### DATA:

——

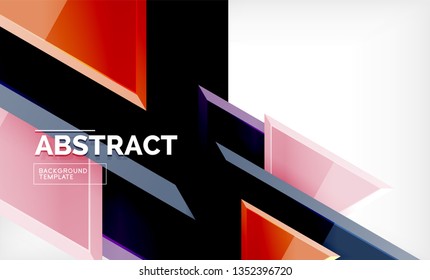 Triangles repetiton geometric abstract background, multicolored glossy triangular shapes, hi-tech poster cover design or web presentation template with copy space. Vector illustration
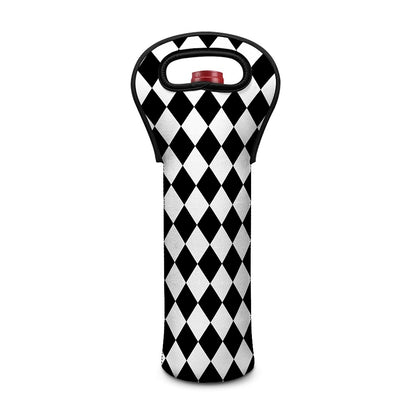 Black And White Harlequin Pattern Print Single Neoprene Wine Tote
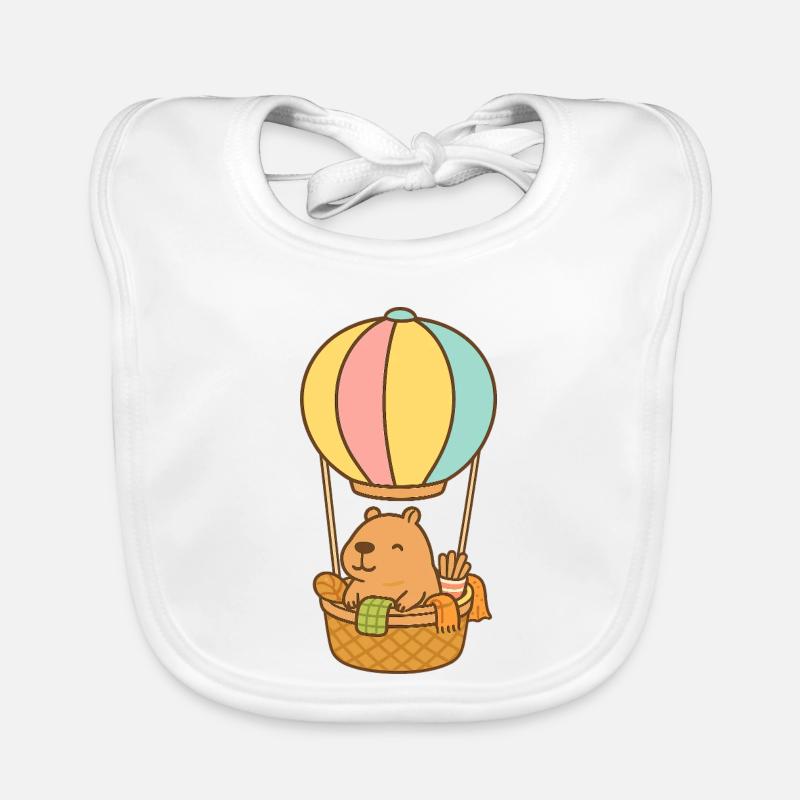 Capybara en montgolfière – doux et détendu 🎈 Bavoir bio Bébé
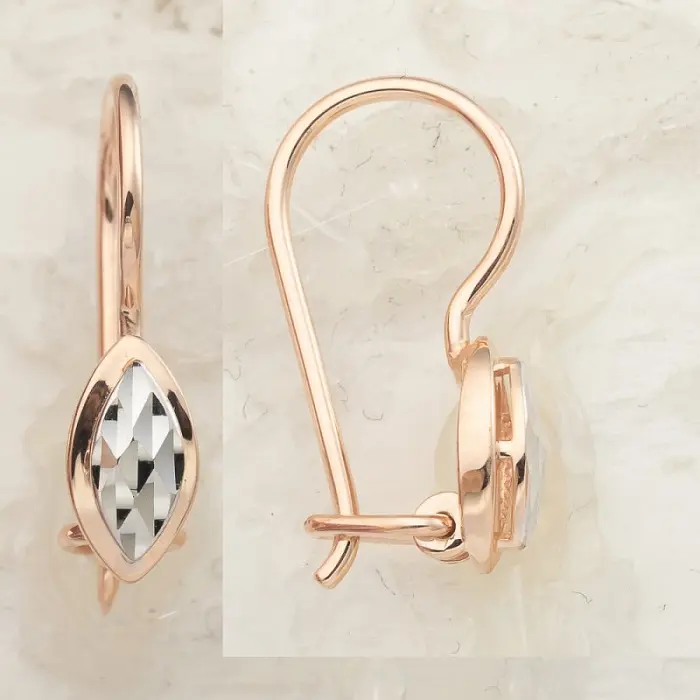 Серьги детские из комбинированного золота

——

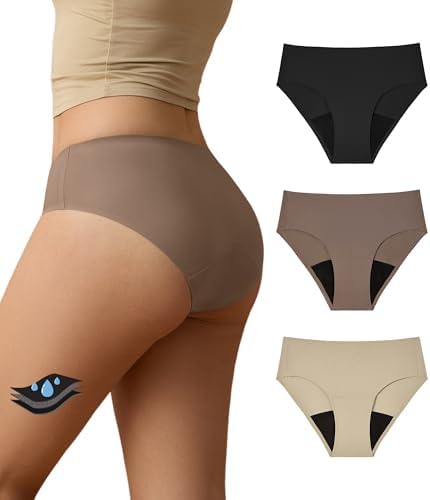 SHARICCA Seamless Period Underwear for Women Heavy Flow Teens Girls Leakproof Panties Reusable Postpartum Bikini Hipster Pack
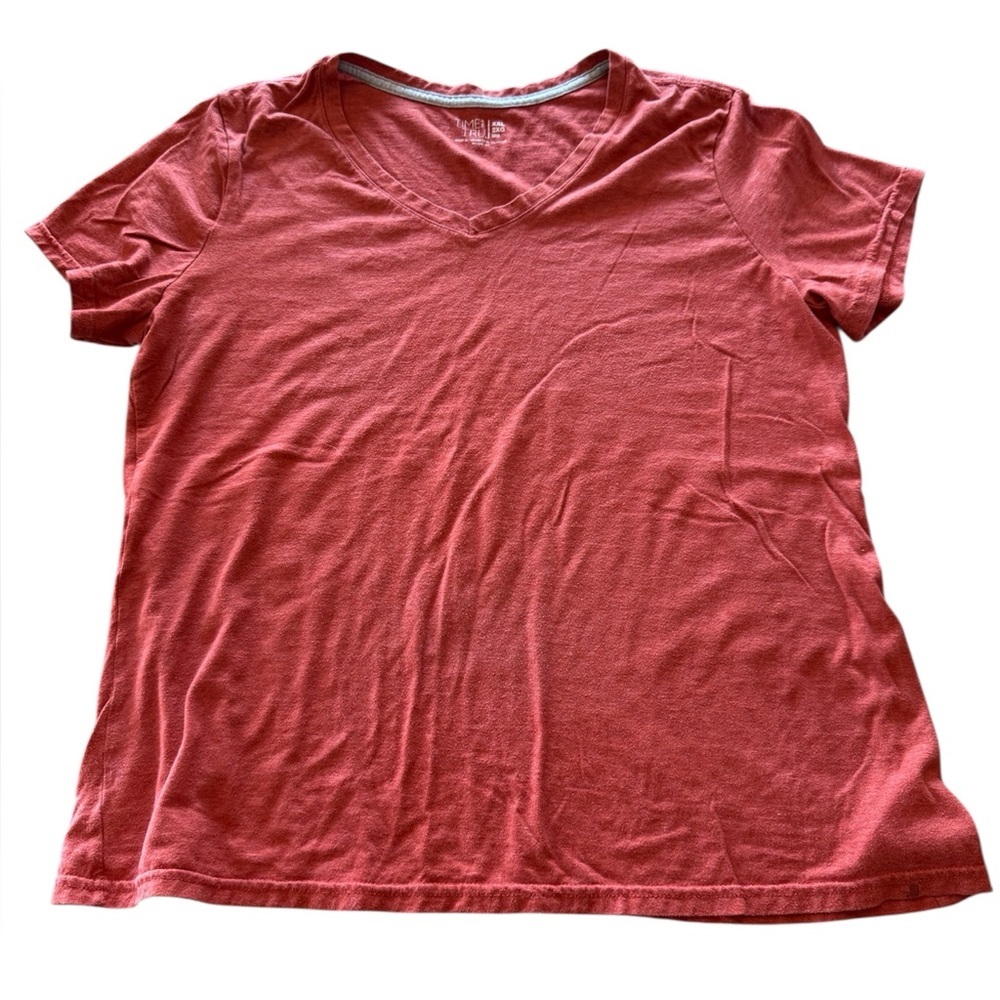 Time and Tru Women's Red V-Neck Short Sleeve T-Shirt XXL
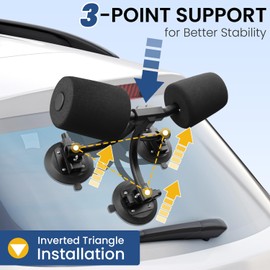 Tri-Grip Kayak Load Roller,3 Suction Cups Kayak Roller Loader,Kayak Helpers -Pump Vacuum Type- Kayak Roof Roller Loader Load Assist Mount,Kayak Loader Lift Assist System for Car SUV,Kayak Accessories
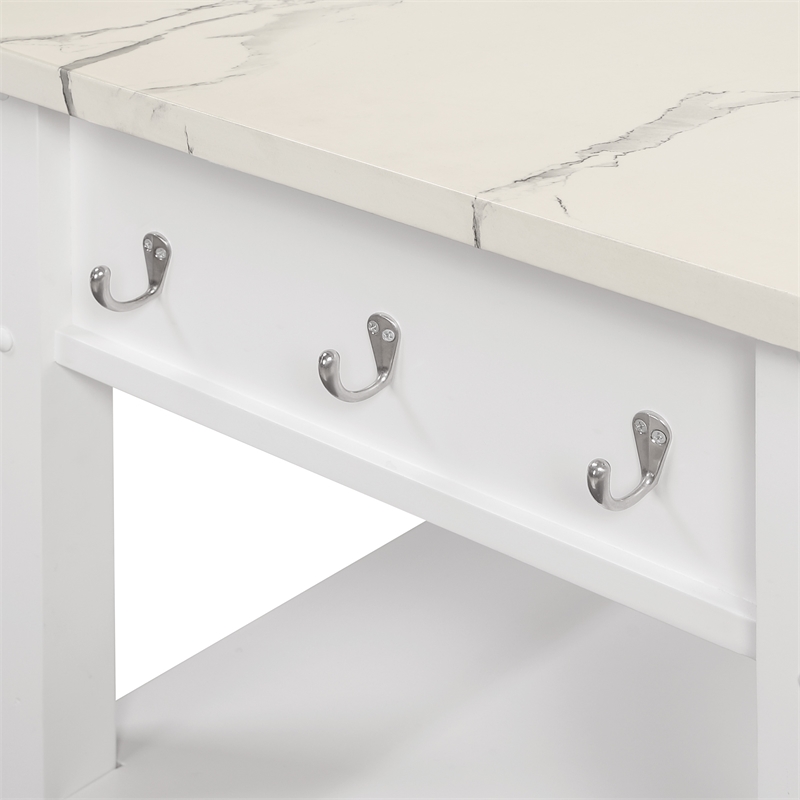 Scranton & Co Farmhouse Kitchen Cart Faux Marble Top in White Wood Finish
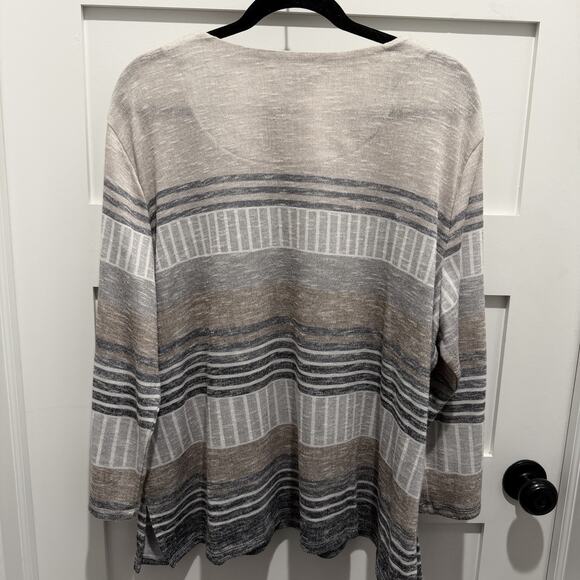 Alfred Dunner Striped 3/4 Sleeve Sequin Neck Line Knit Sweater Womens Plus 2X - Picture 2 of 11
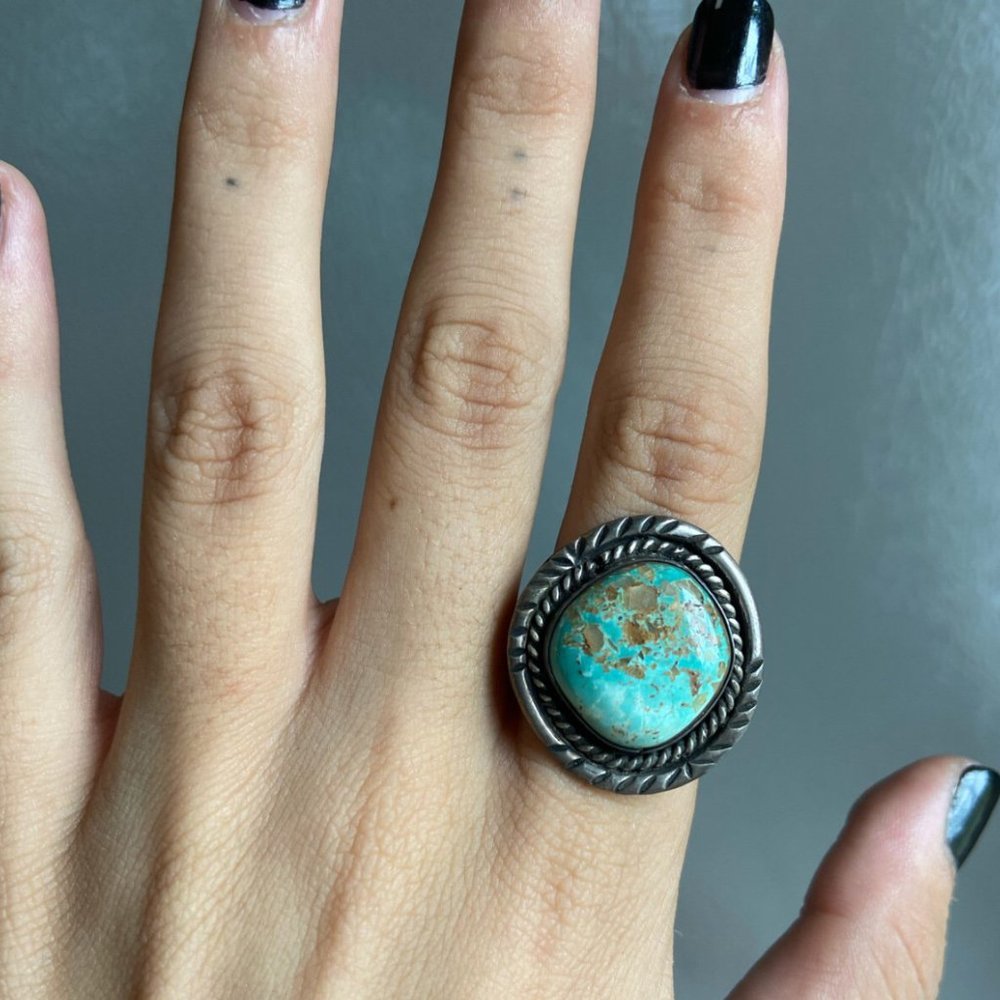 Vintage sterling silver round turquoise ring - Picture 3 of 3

——

### EXERCISE REQUIREMENTS:
Using the material above, reproduce only the lines that run from the line with "Triangles repetiton geometric" up to and including the line with "Серьги детские из комбинированного золота", exactly, with the pictures dropped.

### FINAL ANSWER:
 Triangles repetiton geometric abstract background, multicolored glossy triangular shapes, hi-tech poster cover design or web presentation template with copy space. Vector illustration
 Black And White Harlequin Pattern Print Single Neoprene Wine Tote
 Capybara en montgolfière – doux et détendu 🎈 Bavoir bio Bébé
 Серьги детские из комбинированного золота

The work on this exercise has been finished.